WORK INSTRUCTIONS -
Leave every picture out, and print the full listing again exactly.

MATERIAL PROVIDED -
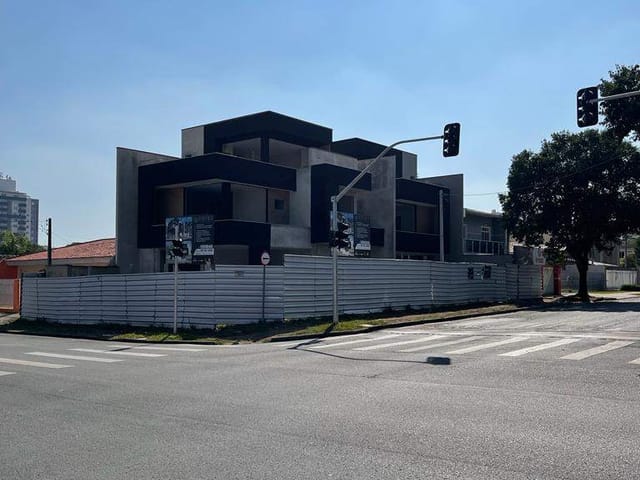 Apartamento 3 quartos e 3 banheiros, à venda, no bairro Carioca em São José dos Pinhais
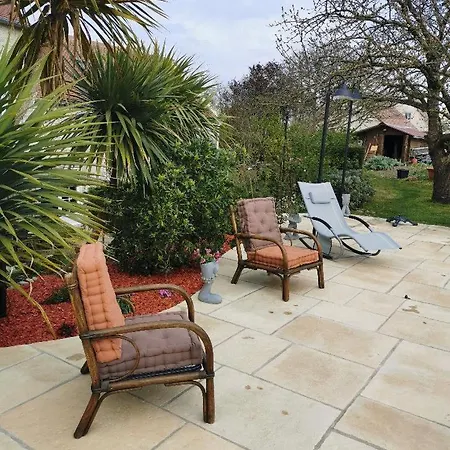 Camille A Sur Apartment *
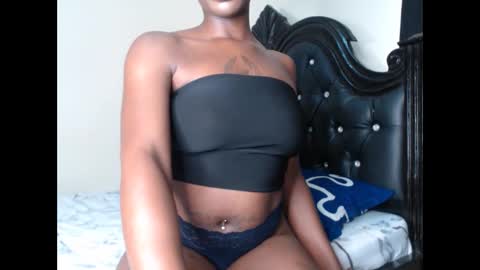 Snapshot of euphoric_cosmos chatting on 02-18-25, 09:54 euphoria online show from 02-18-25, 09:54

SOLVED EXERCISE -
 Apartamento 3 quartos e 3 banheiros, à venda, no bairro Carioca em São José dos Pinhais
 Camille A Sur Apartment *
 Snapshot of euphoric_cosmos chatting on 02-18-25, 09:54 euphoria online show from 02-18-25, 09:54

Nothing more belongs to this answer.